*Data under study*.

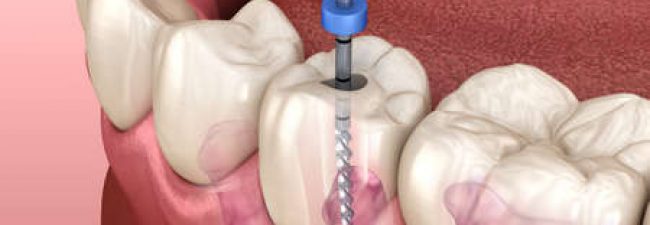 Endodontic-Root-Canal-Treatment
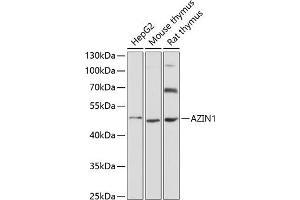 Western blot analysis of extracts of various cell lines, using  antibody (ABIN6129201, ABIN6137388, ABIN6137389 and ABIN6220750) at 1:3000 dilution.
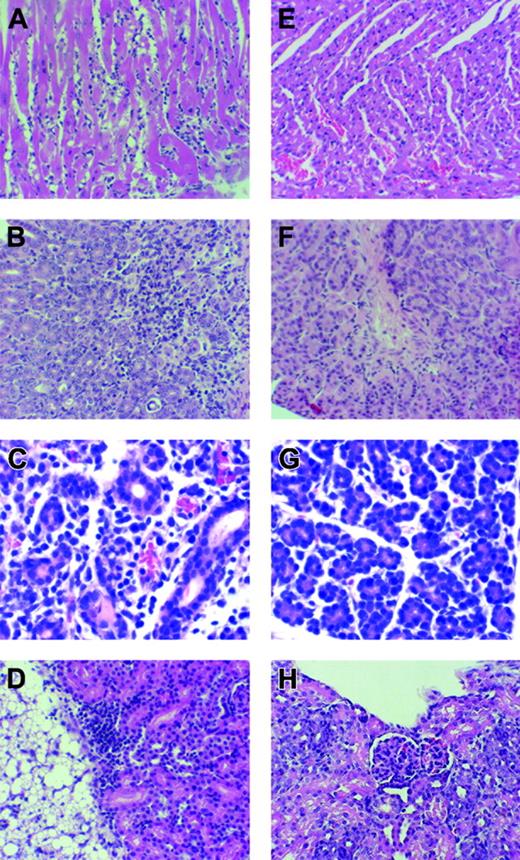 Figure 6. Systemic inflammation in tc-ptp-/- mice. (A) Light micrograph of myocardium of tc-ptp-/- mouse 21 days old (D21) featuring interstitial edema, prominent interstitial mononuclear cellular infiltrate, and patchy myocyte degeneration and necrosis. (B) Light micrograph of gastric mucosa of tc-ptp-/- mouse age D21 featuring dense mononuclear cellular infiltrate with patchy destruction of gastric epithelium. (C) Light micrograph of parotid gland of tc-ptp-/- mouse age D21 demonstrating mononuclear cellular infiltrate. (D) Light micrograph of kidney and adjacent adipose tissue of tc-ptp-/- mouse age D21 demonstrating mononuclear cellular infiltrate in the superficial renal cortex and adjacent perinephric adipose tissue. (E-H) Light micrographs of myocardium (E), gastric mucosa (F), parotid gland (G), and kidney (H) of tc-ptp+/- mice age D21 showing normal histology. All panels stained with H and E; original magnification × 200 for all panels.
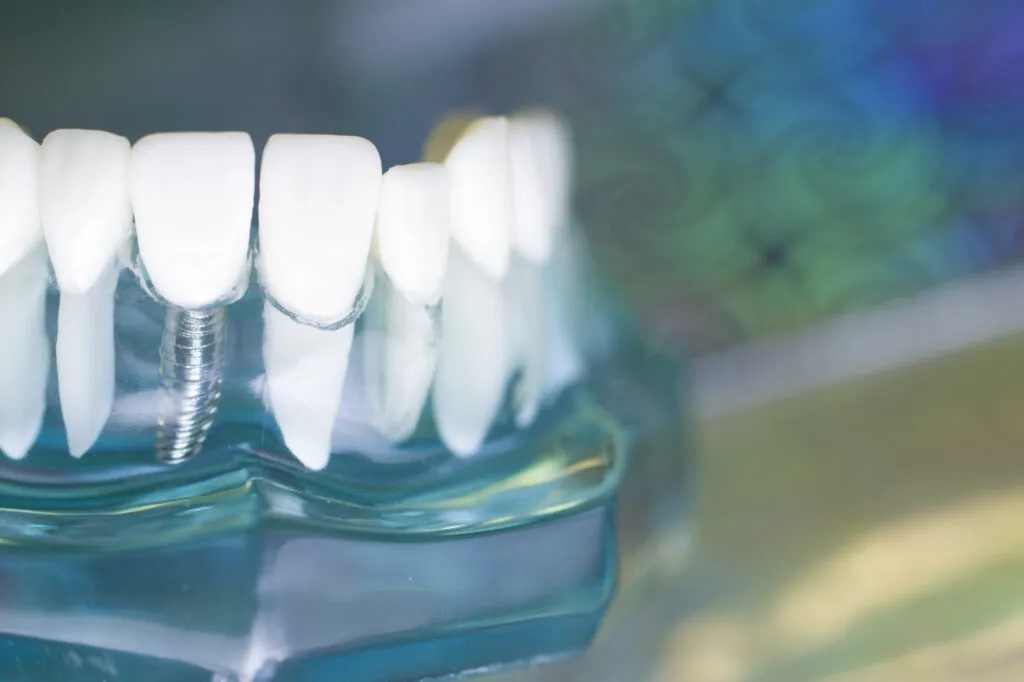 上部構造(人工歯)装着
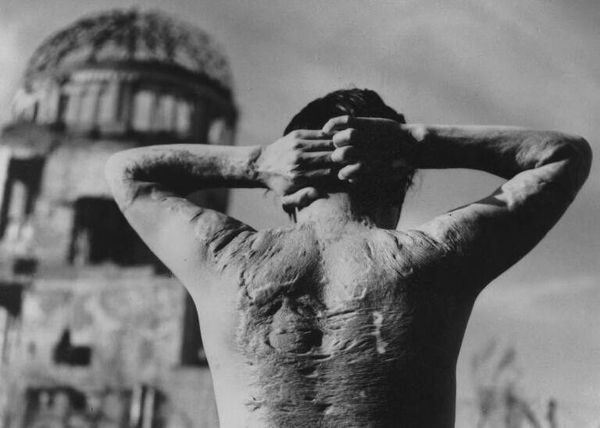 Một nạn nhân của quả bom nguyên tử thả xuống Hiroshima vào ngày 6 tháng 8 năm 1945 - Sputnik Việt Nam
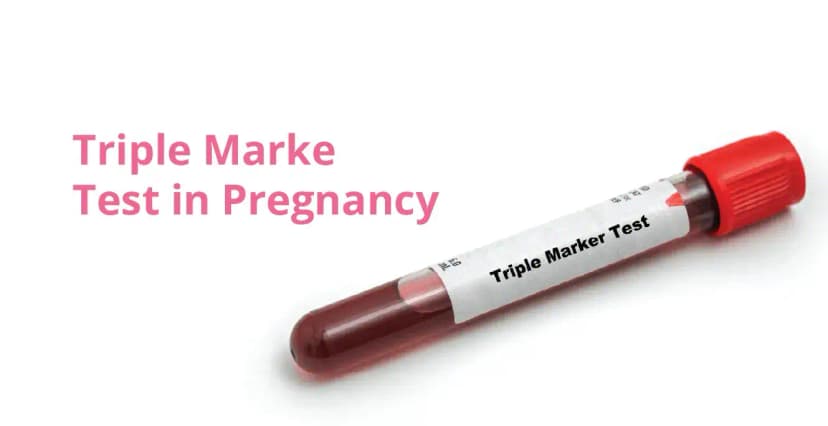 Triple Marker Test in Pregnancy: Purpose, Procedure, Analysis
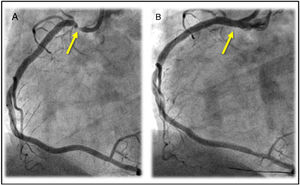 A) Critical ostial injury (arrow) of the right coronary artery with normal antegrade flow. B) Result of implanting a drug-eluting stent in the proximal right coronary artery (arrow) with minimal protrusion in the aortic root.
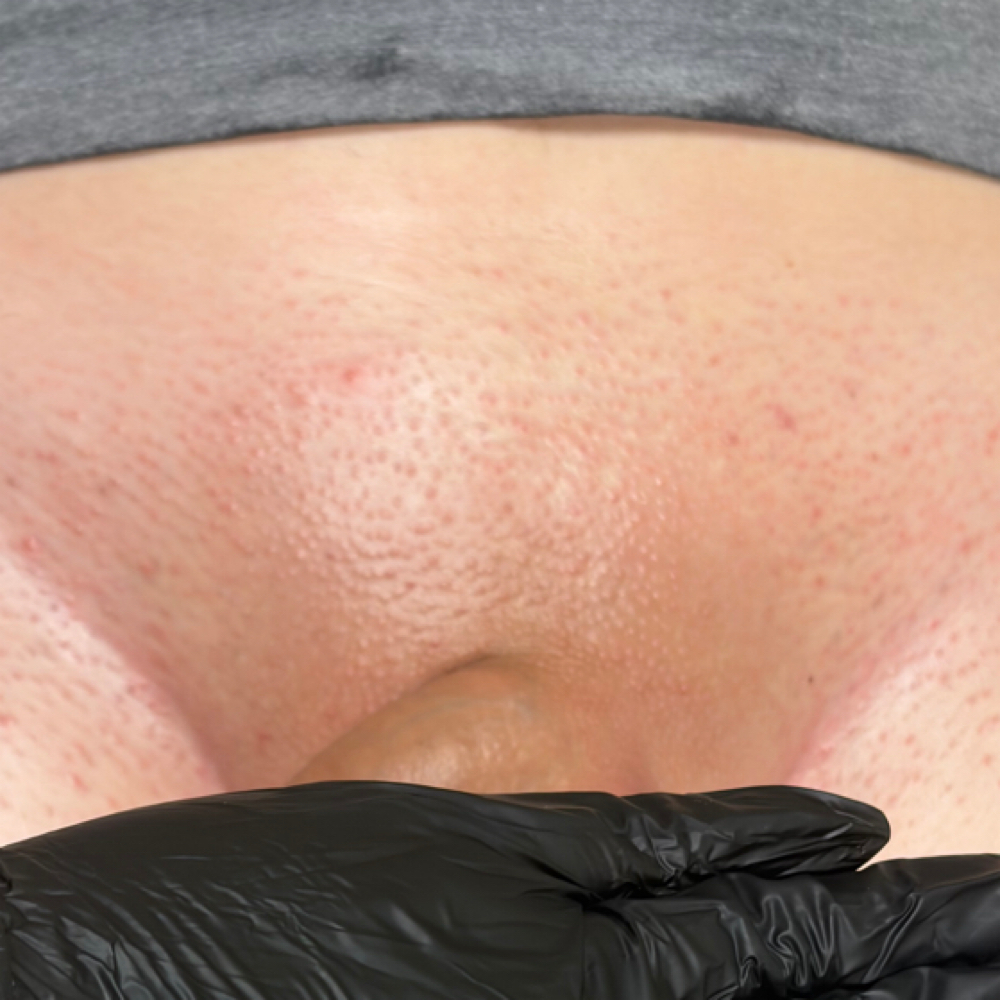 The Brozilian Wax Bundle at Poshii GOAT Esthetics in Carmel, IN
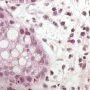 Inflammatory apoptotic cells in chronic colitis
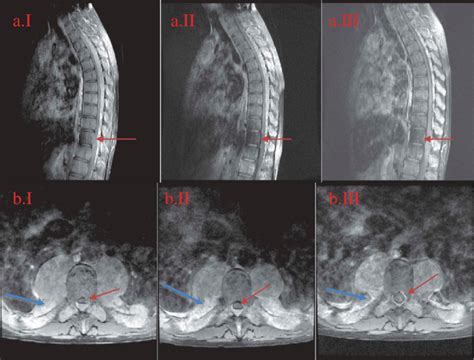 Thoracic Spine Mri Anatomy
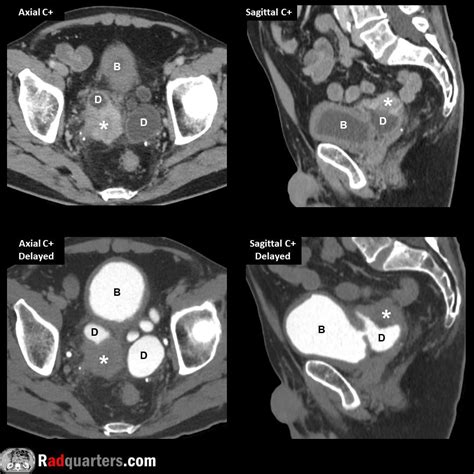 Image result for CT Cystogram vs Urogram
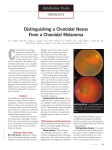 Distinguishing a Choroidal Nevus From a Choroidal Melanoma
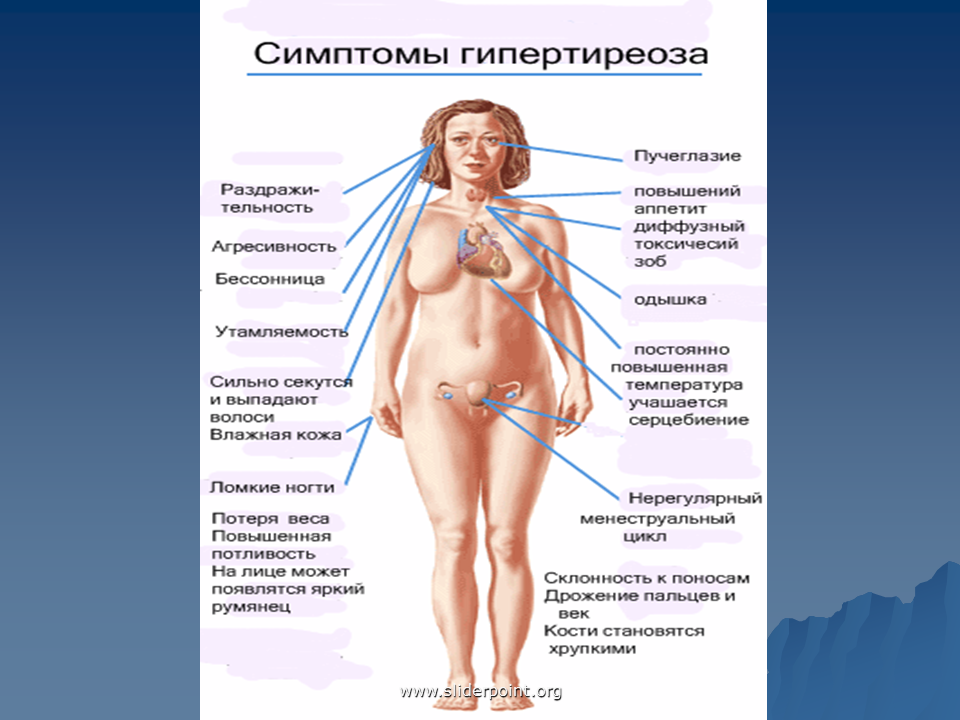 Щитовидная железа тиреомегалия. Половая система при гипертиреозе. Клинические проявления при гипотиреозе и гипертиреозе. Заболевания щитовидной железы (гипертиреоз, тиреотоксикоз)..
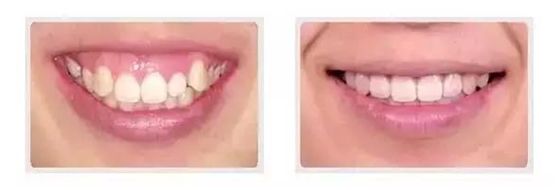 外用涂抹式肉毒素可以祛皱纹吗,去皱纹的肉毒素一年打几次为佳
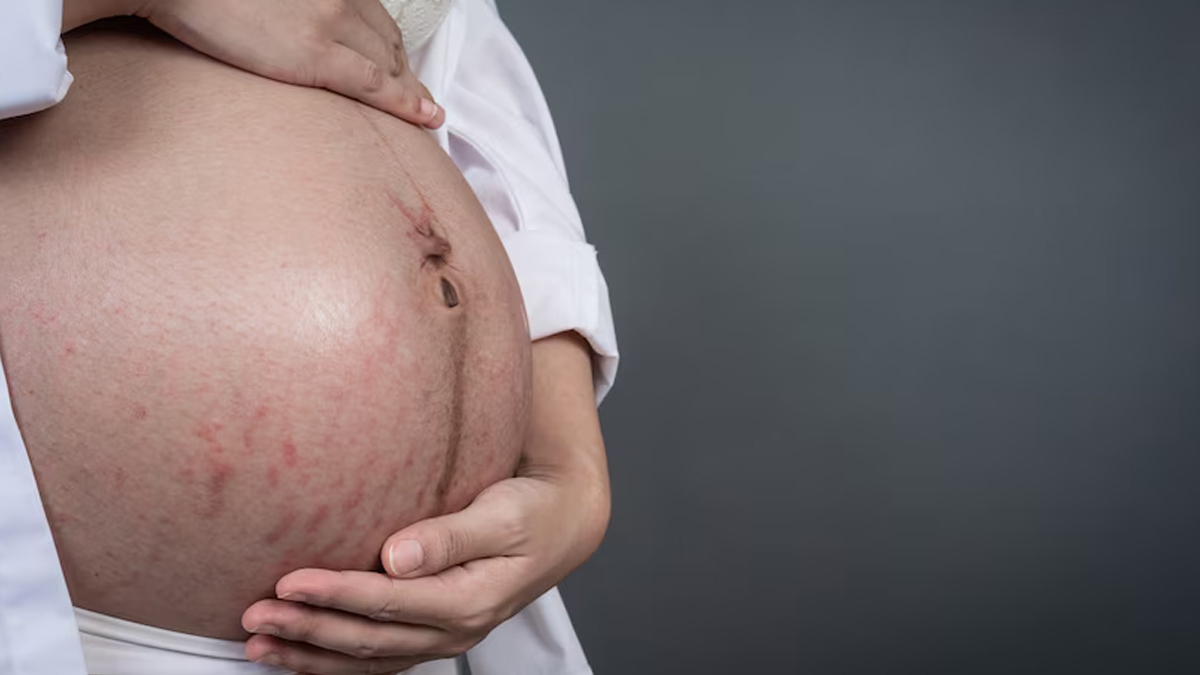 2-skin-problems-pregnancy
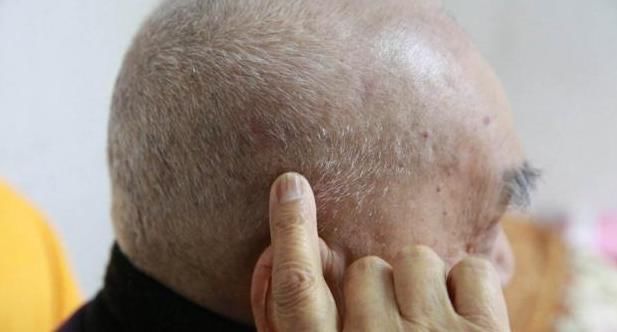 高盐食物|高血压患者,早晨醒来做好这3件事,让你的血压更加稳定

*Assigned task*.
From the opening line of the listing above through the line bearing "Western blot analysis", repeat each line exactly. Drop every picture.

*Exercise result*.
 Endodontic-Root-Canal-Treatment
 Western blot analysis of extracts of various cell lines, using  antibody (ABIN6129201, ABIN6137388, ABIN6137389 and ABIN6220750) at 1:3000 dilution.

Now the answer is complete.